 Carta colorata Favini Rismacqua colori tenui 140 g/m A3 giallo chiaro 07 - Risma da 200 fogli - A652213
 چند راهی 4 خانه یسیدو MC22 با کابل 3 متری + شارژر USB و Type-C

==

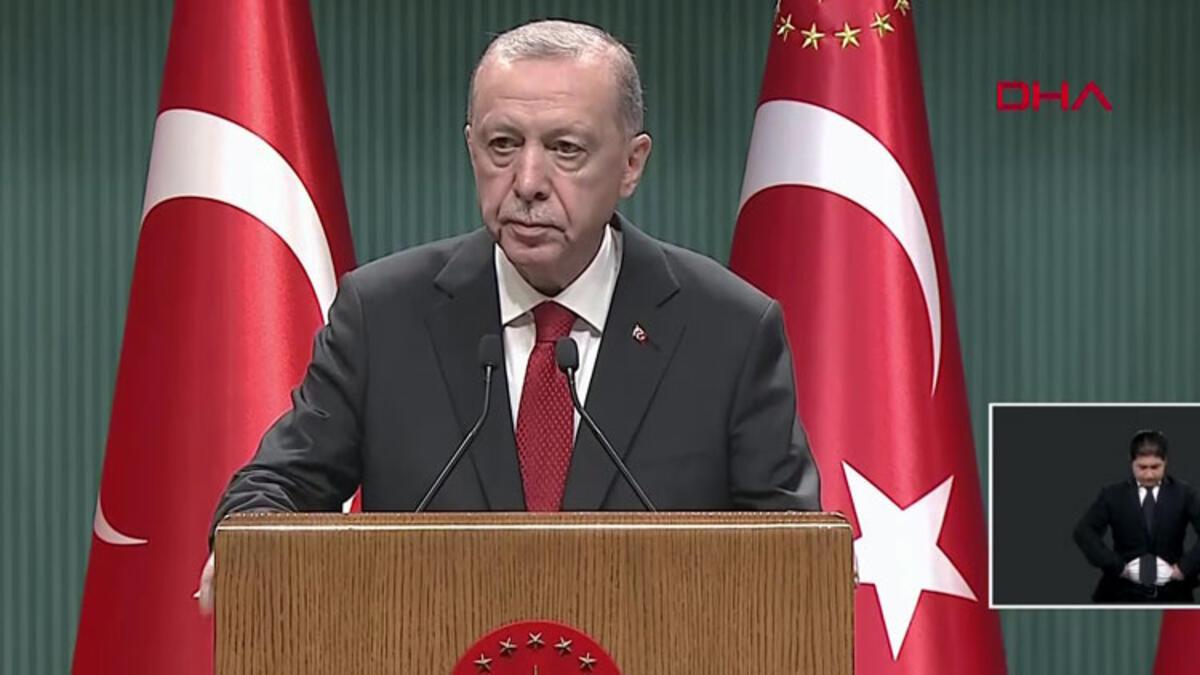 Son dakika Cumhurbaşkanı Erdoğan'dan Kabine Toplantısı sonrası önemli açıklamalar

## Task
Output, from the data above, the lines from the line with "Carta colorata Favini" to the line with "چند راهی 4 خانه" exactly as they stand, both ends included and nothing else.

## Result below
 Carta colorata Favini Rismacqua colori tenui 140 g/m A3 giallo chiaro 07 - Risma da 200 fogli - A652213
 چند راهی 4 خانه یسیدو MC22 با کابل 3 متری + شارژر USB و Type-C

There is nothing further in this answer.